SAZ — Saratoga Investment Corp 8.50%

NYSE


Q1 2027 Earnings Call Summary

July 8, 2026

Saratoga Investments Corp. (SAZ) Q1 2027 Earnings Call Summary

1. Key Financial Results and Metrics

  • Net Originations: $31 million, including 2 new portfolio companies.
  • Assets Under Management (AUM): Increased by 1.6% to approximately $1.126 billion.
  • Return on Equity (ROE): Latest 12 months ROE at 4.0%, above the BDC industry average of 2.4%.
  • Adjusted Net Investment Income (NII): $7.6 million, down 11% quarter-over-quarter and 25% year-over-year; adjusted NII per share at $0.47.
  • NAV (Net Asset Value): Decreased to $378.5 million, down 4.5% from the previous quarter and year; NAV per share at $23.23.
  • Dividend: Monthly base dividend maintained at $0.25 per share, totaling $0.75 for the quarter, representing a 14% yield based on stock price.
  • Credit Quality: 98.3% of credits rated in the highest category; non-accrual investments at 1.2% of cost, significantly lower than the industry average.

2. Strategic Updates and Business Highlights

  • Continued strong performance in core BDC portfolio despite macroeconomic challenges.
  • Robust deal activity with $79 million in new originations, including follow-ons and CLO investments.
  • Ongoing business development efforts have led to increased deal flow, particularly in the lower middle market.
  • The management team emphasizes maintaining high underwriting standards and credit quality while expanding business development initiatives.

3. Forward Guidance and Outlook

  • Management remains optimistic about future economic opportunities despite current market volatility.
  • Anticipates improvement in spreads and overall portfolio growth, with a strong pipeline of potential investments.
  • The company is focused on deploying available capital prudently while maintaining a conservative balance sheet.
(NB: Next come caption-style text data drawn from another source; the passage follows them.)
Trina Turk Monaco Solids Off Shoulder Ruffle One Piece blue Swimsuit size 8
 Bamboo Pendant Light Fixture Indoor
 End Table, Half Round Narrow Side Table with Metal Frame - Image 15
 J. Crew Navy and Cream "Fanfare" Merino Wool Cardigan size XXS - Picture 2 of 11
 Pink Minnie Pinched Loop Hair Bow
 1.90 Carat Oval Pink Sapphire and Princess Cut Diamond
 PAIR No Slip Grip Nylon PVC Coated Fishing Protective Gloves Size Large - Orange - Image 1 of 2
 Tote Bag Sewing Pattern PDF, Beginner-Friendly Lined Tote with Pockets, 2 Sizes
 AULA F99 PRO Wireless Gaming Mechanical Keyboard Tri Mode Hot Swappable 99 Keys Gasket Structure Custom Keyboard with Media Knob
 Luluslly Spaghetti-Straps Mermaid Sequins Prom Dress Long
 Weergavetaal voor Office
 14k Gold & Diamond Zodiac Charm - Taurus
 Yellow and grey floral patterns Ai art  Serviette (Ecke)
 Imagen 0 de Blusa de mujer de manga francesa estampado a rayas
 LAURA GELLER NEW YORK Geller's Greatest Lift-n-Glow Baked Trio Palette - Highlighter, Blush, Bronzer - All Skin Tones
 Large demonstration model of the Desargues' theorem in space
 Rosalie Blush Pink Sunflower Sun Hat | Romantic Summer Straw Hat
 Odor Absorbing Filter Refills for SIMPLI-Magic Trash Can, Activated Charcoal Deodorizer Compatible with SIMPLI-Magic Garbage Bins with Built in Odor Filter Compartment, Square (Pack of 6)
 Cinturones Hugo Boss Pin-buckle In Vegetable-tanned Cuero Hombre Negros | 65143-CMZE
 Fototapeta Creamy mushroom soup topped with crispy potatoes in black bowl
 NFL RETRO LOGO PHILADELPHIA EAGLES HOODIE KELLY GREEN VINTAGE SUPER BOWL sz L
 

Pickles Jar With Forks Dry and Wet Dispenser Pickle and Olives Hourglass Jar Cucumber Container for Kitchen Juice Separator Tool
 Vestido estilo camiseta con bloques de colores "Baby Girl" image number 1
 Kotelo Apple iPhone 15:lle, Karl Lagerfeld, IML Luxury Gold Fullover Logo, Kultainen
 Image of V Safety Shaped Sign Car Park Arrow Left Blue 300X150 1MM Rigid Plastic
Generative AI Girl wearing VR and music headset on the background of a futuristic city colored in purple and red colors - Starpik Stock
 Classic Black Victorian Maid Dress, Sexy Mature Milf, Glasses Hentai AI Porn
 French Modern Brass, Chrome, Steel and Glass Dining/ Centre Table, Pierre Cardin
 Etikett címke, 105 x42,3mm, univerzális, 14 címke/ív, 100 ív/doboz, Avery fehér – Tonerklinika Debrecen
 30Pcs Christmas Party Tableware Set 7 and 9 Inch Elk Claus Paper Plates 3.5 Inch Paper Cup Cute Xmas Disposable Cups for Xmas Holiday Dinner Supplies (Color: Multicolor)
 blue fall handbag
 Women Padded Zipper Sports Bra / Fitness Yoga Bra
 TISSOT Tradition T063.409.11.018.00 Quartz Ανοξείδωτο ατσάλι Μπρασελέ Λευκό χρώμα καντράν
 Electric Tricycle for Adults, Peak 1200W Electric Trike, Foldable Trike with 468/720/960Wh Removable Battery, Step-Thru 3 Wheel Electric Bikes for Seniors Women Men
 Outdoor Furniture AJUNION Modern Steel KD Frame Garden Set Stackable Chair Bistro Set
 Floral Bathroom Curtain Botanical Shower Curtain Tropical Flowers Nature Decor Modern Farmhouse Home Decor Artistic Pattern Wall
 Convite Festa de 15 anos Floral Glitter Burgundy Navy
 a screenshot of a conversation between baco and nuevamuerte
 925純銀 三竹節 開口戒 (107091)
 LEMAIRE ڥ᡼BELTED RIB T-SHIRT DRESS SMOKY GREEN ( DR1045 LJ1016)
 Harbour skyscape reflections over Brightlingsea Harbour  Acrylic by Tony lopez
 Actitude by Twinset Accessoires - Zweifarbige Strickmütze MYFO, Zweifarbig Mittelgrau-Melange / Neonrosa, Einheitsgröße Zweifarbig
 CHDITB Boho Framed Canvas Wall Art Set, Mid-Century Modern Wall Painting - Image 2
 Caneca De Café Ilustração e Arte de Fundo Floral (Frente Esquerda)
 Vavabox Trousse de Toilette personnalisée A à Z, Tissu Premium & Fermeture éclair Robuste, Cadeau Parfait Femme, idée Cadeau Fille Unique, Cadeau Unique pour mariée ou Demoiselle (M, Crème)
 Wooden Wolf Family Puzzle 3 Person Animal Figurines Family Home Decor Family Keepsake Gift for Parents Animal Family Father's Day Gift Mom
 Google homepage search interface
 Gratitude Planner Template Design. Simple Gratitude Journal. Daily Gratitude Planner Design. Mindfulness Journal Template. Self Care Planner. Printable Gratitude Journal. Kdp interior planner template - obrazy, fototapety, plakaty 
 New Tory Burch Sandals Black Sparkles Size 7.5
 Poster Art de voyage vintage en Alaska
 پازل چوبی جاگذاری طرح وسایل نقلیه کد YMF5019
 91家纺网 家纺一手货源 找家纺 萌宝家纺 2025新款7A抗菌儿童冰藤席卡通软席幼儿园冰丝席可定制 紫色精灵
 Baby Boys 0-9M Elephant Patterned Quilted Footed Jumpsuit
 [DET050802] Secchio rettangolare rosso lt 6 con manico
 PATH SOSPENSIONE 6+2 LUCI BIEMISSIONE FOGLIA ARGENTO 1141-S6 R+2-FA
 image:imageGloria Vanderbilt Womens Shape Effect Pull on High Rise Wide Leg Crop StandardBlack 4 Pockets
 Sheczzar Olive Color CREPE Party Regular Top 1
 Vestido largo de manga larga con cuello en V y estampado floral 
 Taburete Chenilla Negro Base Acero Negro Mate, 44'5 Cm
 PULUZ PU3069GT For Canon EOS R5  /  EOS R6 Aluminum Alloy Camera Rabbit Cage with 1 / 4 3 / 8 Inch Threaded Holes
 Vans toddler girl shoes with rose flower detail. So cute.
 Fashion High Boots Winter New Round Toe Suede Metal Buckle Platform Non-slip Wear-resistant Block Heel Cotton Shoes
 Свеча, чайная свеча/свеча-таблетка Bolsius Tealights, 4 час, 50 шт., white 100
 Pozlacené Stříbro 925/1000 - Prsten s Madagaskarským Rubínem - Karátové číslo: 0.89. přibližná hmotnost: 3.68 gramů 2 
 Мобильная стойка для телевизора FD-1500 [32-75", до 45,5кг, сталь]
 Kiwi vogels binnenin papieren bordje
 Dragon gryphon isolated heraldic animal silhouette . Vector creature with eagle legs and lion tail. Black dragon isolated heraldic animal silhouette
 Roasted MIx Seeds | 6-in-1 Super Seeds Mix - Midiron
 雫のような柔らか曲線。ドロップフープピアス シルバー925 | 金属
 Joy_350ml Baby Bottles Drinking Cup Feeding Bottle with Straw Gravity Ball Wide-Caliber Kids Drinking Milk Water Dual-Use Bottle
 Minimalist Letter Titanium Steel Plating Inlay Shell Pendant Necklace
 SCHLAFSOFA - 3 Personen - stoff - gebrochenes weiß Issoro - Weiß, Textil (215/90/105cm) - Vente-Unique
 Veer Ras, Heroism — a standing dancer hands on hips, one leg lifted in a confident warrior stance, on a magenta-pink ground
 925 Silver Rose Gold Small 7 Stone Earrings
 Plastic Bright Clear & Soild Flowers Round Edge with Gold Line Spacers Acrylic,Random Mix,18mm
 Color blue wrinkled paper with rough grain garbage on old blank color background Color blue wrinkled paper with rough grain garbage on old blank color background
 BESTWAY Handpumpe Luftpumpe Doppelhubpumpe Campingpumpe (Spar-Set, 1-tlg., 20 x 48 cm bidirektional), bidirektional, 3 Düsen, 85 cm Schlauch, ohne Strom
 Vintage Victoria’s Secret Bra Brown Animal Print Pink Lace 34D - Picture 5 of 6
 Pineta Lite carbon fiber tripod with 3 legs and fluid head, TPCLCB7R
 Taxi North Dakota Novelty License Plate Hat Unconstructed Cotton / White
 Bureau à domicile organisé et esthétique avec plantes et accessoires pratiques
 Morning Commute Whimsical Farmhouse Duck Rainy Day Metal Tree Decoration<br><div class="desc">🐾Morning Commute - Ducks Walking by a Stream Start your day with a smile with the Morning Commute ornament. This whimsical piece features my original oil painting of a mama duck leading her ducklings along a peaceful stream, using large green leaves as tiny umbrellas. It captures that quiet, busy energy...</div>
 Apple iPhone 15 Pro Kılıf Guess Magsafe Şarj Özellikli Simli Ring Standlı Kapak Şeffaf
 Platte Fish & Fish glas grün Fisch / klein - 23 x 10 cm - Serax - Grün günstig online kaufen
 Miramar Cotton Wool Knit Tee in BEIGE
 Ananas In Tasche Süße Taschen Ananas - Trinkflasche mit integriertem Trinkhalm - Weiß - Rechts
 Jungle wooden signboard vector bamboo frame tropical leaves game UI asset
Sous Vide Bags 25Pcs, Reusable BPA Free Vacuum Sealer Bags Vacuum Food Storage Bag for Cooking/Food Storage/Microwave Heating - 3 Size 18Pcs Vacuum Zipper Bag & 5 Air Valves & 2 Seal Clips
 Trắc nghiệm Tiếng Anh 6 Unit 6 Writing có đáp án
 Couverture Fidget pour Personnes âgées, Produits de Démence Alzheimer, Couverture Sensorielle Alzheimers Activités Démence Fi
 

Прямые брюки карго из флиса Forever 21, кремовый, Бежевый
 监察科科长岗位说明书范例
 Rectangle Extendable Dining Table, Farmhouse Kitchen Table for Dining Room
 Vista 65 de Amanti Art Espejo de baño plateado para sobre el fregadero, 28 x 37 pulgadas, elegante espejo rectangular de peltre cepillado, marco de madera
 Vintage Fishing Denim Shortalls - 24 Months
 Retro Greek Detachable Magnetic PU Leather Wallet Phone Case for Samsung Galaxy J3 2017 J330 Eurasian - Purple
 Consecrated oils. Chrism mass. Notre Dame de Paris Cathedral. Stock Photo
4. Bad News, Challenges, or Points of Concern

  • Declining Metrics: Adjusted NII and NAV have decreased significantly, raising concerns about sustainability of the dividend.
  • Portfolio Markdowns: Total portfolio marked down by $15.2 million, with specific write-downs on Pepper Palace (written down to zero) and Exigo (on red watch list).
  • Market Pressures: Competitive pressures in the private credit sector, geopolitical uncertainties, and tightening spreads are impacting performance.
  • Interest Rate Environment: The company faces challenges from lower short-term interest rates affecting income, alongside rising costs of capital.

5. Notable Q&A Insights

  • Spreads on Originations: New deals are showing elevated spreads compared to recent quarters, but still lag behind repayments.
  • Spillover Income: Spillover per share was approximately $1.75 as of May 31, now around $1.50, providing some buffer for dividend coverage.
  • Leverage Concerns: Management is cautious about increasing leverage as they grow the portfolio but believes the quality of assets mitigates risks.
  • Investment Strategy: The company is shifting focus away from software-related investments due to stricter underwriting requirements, with a broader diversification across industries.
  • Credit Quality Management: Active engagement with portfolio companies is emphasized, especially for those on non-accrual status, to explore restructuring options.

Overall, while Saratoga Investments Corp. is navigating a challenging environment with declining financial metrics, management remains committed to maintaining credit quality and exploring growth opportunities in a competitive market.